Fui convidado pra participar de um projeto de divulgação em linguística capitaneado pela ABRALIN (Associação Brasileira de Linguística), o Roseta. É um projeto promissor e novo. E tudo porque a coordenadora da iniciativa já tinha lido meu blogue. (Sempre me surpreendo quando alguém diz que leu meu blogue, hehe, afinal o número de visitas nunca chega nos três dígitos). Creio que exista o interesse sobre questões de linguagem pela população leiga. A academia é que ainda não sabe escrever pra esse público. Meu blogue tinha esse norte, com as óbvias limitações de alcance que minha dedicação a ele geram. Um blogue de sucesso e alcance não envolve só atualização constante, envolve também divulgação, um trabalho para o qual não tenho vocação.

Enfim… vamos ver se eu consigo escrever aqui com mais frequência.

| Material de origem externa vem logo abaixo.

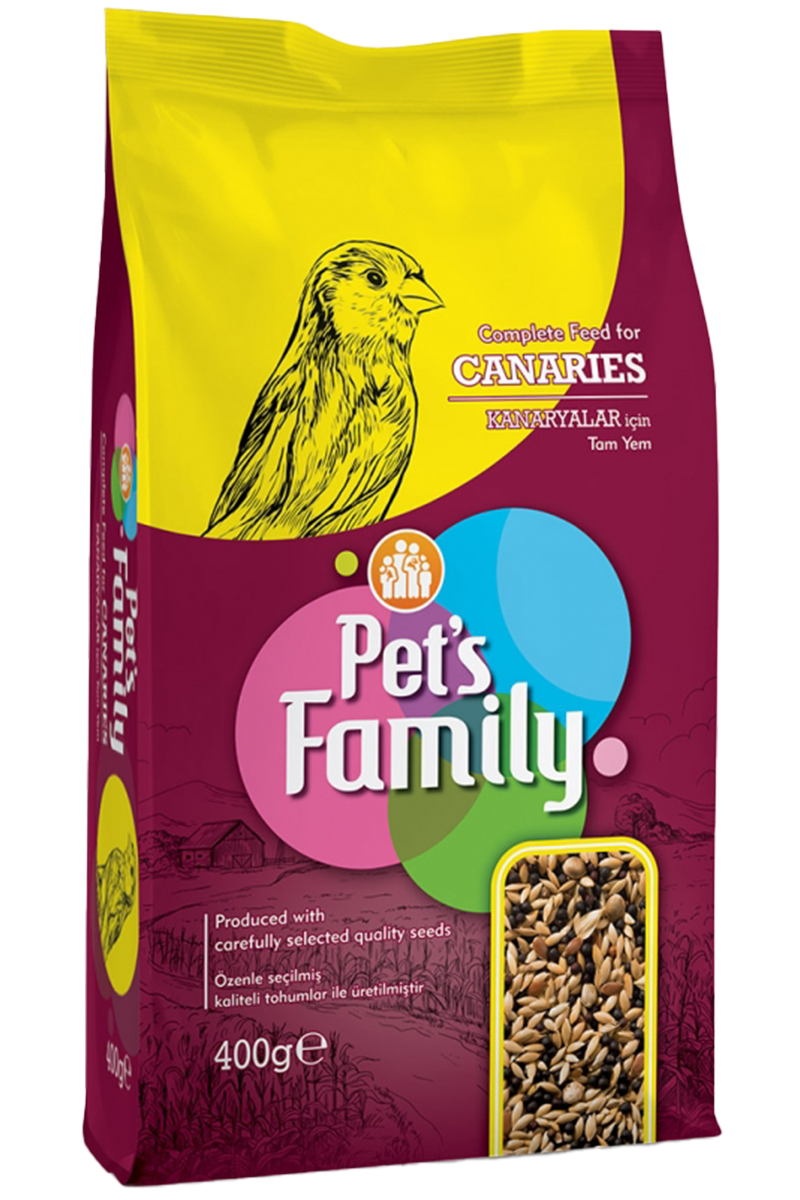 Pets Family Kanarya Yemi 400g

Por que “fake news” funciona: a linguística da mentira

Se eu batesse na sua porta, tarde da noite e dissesse: “Me esconda, por favor! Estou sendo perseguido por agentes da KGB.” Você pensaria que eu enlouqueci. Mas como você chegaria a essa conclusão? Se eu sou seu amigo, confiei em você para me esconder, por que você não acreditaria em mim?

Se você é bem informado, deve saber que a KGB (o serviço secreto soviético) não existe mais e que a probabilidade de eu, Luisandro Mendes de Souza, um mero pai de família de classe média, professor universitário e flamenguista ser um espião também é nula. Ou seja, você se baseou nos fatos, ou melhor, nas relações que a afirmação “Estou sendo perseguido por agentes da KGB” tem com o mundo. Para que essa frase fosse verdadeira seria preciso que eu fosse um espião (ou algo parecido) e que a KGB ainda existisse. Como nenhuma dessas condições é preenchida (talvez tenha outras), você conclui que eu devo ter enlouquecido.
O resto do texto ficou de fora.